Интересно, узнают ли давно умершие люди, что мы их, наконец, после многих безуспешных попыток, простили? Хотелось бы, чтобы узнавали. К чему прощение данное, но не принятое? Это подводит меня к твоему вопросу.
Разумеется, я молюсь об умерших. Это получается настолько естественно, настолько само собой, что лишь очень веский теологический аргумент меня от этого удержит. Не знаю, что станется с остальными моими молитвами, если мне запретят молиться об умерших. В нашем возрасте большинство самых дорогих для нас людей умерли. Какая связь с Богом может у меня быть, если Ему нельзя говорить о тех, кого я больше всего люблю?
Согласно традиционной протестантской точке зрения, все умершие либо прокляты, либо спасены.
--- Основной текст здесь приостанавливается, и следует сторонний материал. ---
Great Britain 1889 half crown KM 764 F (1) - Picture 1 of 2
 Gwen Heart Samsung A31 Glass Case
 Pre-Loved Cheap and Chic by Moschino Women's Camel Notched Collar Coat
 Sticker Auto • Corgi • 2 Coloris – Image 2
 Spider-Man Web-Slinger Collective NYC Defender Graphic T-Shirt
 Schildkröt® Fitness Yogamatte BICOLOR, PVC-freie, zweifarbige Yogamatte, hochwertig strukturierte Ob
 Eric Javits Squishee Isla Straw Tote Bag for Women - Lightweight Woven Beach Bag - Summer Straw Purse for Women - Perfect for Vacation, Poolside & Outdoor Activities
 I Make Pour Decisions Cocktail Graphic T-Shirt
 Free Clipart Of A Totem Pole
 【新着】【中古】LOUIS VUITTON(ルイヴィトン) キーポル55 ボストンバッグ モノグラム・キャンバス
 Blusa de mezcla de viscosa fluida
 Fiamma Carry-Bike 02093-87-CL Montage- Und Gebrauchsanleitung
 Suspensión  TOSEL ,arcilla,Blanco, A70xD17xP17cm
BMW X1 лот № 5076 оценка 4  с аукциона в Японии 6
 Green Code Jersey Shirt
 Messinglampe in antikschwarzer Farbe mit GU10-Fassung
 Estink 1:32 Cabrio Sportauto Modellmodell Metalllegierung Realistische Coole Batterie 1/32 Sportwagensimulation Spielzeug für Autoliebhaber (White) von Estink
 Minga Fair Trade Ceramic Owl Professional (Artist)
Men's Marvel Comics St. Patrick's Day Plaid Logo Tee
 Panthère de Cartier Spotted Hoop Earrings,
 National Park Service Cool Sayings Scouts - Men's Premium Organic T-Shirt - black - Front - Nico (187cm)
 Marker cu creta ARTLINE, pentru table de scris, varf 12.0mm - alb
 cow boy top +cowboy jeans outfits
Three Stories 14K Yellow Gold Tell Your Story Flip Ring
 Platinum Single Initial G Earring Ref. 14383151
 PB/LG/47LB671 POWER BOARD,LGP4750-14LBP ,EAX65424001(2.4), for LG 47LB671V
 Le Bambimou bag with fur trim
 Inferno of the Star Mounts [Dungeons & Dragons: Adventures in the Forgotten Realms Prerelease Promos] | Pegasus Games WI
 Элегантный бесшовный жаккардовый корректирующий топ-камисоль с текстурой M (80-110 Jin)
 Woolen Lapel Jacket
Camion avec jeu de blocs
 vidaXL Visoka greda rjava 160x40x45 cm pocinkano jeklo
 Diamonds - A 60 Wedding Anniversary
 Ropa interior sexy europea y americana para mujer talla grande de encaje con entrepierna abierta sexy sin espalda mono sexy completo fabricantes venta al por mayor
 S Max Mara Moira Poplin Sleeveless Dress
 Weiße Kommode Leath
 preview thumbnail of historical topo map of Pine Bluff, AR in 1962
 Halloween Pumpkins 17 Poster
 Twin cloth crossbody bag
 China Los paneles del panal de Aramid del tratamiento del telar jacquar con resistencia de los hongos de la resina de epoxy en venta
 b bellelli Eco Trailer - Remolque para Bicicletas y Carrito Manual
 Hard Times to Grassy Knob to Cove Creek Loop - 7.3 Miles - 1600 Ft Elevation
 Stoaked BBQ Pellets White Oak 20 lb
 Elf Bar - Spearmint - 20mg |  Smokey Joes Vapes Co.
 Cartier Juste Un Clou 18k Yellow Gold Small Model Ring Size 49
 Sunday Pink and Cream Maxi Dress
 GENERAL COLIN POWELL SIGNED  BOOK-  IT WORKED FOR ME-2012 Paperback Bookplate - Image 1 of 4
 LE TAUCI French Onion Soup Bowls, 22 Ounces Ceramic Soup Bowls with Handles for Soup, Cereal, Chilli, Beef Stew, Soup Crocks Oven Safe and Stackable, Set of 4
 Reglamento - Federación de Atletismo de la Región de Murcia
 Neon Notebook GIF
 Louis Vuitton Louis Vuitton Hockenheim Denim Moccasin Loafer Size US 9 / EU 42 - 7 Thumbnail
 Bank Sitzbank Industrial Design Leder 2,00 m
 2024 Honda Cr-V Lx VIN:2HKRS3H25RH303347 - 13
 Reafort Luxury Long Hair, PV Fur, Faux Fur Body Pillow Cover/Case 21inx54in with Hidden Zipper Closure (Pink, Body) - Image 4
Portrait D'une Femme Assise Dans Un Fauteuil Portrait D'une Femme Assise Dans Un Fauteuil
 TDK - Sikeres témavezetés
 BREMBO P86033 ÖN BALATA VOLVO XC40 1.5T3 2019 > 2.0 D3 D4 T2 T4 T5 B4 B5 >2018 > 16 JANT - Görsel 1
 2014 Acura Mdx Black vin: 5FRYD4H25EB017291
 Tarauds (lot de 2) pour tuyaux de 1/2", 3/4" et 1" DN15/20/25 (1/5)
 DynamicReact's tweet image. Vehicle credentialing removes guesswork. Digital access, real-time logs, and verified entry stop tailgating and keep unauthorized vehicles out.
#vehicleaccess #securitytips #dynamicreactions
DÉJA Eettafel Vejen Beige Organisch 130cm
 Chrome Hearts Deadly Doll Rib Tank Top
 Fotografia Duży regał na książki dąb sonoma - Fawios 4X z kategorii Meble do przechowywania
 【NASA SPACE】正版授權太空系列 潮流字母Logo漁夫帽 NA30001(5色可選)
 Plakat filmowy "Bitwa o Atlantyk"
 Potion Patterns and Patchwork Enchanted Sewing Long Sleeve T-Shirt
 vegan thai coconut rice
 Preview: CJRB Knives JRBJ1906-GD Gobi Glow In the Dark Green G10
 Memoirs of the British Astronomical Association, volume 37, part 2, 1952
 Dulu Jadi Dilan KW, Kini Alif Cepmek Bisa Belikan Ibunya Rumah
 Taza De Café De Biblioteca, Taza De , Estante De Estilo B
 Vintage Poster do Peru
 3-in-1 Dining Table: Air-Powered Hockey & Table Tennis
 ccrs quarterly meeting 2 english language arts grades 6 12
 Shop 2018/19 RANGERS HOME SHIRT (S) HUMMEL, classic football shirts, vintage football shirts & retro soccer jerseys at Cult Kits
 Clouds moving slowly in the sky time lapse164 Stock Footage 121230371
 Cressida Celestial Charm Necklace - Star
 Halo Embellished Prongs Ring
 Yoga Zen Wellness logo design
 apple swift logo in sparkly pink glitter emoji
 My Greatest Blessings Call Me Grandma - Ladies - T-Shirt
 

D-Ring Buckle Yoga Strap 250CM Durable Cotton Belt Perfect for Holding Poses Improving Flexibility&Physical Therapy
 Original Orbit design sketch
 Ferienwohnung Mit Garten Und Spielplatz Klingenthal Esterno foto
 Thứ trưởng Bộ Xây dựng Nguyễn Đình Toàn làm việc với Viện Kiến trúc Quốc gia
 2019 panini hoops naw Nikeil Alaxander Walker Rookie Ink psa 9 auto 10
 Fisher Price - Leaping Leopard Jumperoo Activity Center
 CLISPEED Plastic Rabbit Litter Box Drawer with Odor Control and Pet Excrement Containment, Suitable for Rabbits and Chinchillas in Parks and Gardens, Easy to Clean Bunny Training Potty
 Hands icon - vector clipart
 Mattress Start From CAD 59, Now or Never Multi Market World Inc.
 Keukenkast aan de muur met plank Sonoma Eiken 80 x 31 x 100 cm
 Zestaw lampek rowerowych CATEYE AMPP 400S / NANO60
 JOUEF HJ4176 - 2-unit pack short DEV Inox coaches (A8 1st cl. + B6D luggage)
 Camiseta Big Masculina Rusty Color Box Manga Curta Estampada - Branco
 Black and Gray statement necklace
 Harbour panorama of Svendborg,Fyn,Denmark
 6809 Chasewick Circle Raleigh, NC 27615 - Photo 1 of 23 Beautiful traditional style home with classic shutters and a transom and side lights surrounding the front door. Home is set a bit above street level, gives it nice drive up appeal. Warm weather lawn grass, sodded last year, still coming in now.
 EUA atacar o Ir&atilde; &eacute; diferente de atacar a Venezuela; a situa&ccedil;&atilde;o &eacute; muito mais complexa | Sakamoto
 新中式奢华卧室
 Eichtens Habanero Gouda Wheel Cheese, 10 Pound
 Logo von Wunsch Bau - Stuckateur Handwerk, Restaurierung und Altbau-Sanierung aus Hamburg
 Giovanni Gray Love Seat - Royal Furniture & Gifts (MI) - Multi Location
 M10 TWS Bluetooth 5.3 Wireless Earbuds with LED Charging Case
Если они прокляты, молиться за них бесполезно. Если они спасены, это тоже бесполезно. Бог уже все для них сделал. О чем еще мы можем просить?
Однако разве мы не верим, что Бог уже все сделал и делает для живых? О чем еще мы можем просить? И все же просить нам заповедано.
«Да, — скажут мне, — но живые еще в пути. Для них не закончены испытания, возможности стать лучше или ошибиться. Спасенные уже совершенны. Их путь закончен. Молиться за них — значит полагать, что их могут ждать и трудности и успехи. У тебя получается что–то вроде чистилища».
Что ж, и вправду так. Хотя нетрудно предположить, что и на Небесах можно постоянно увеличивать блаженство через все более радостное подчинение воле Божьей, без неудач, но не без напряжения сил — влюбленные знают, что к наслаждению ведут и трудности, и крутые ступени. Но не буду ни настаивать, ни гадать. Я в чистилище верю.
Заметь, у деятелей Реформации были веские причины усомниться в «римском учении о чистилище» [56], каким оно к тому времени стало. Я говорю даже не об индульгенциях. Если от «Чистилища» Данте ты перейдешь в XVI век, то ужаснешься упадку. У Томаса Мора в «Молитве душ» [57] чистилище — просто временный ад. В нем душу мучат дьяволы, чье присутствие «для нас ужаснее и горше, чем сама боль». Еще хуже у Фишера [58] в Проповеди на Псалом VI: пытки столь сильны, что претерпевающий их дух из–за боли не способен «помнить о Боге, как должно». Забылся смысл слова «чистилище». Муки в нем не только не приближают нас к Богу, но и заставляют о Нем забыть. Это место не очищения, а просто наказания.
Правильная точка зрения чудесным образом возвращается у Ньюмена в «Сне Терентия». Если я правильно помню, спасенная душа у самого престола молит, чтобы ее оттуда забрали и очистили. Она не желает хоть мгновением дольше «оскорблять тот свет своей тьмой». Религия востребовала чистилище обратно.